- Born: 31 January 1951 (age 74) Tunisia
- Occupation: Novelist

= Habib Selmi =

Tunisian novelist and short story writer (born 1951)

Habib Selmi (Tunisian Arabic: حبيب السالمي) (born 31 January 1951) is a Tunisian novelist and short story writer.

==Early life==
He was born in Al-Ala near the historic city of Kairouan.
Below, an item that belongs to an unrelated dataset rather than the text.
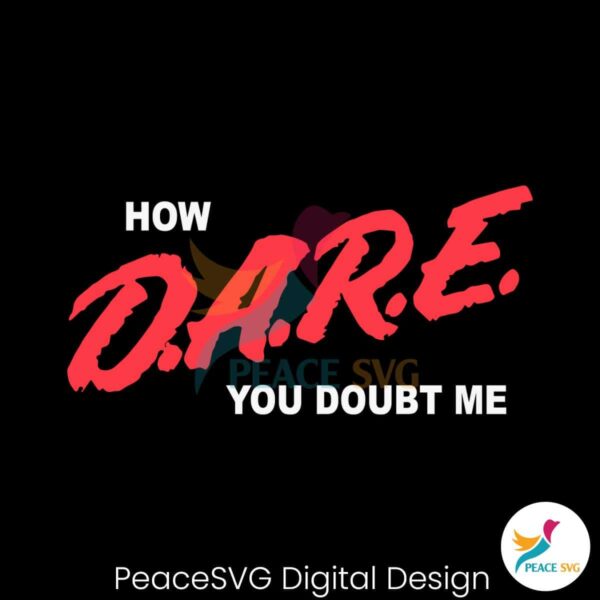 Funny How Dare You Doubt Me Svg For Silhouette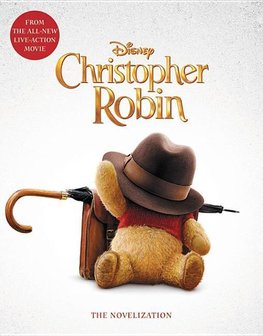 Christopher Robin - The Novelization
To date, he has published eight novels and two short story collections.

==Career==
His books include:
- Jabal al-'Anz (Goat Mountain), 1988
- Surat Badawi Mayyit (Portrait of a Dead Bedouin), 1990
- Matahat al-Raml (Sand Labyrinth), 1994
- Hufar Dafi'a (Warm Pits), 1999
- Ushaq Bayya (Bayya's Lovers), 2002
- Asrar Abdallah (Abdallah’s Secrets), 2006
- Rawaïh Marie-Claire (The Scents of Marie-Claire), 2008
- Nisāʾ al-basatīn (The Women of al-Basatin), 2011
- Al-ishtīāq ilā al-jāra (Longing for the Woman Next Door), 2020

His work has been shortlisted three times for the International Prize for Arabic Fiction, in 2009 (for The Scents of Marie-Claire), 2012 (for The Women of al-Basatin), and 2021 (for Longing for the Woman Next Door). His work has been translated into a number of languages, including English and French and has featured in multiple issues of Banipal magazine.

Selmi has lived in Paris since 1985, where he teaches Arabic literature.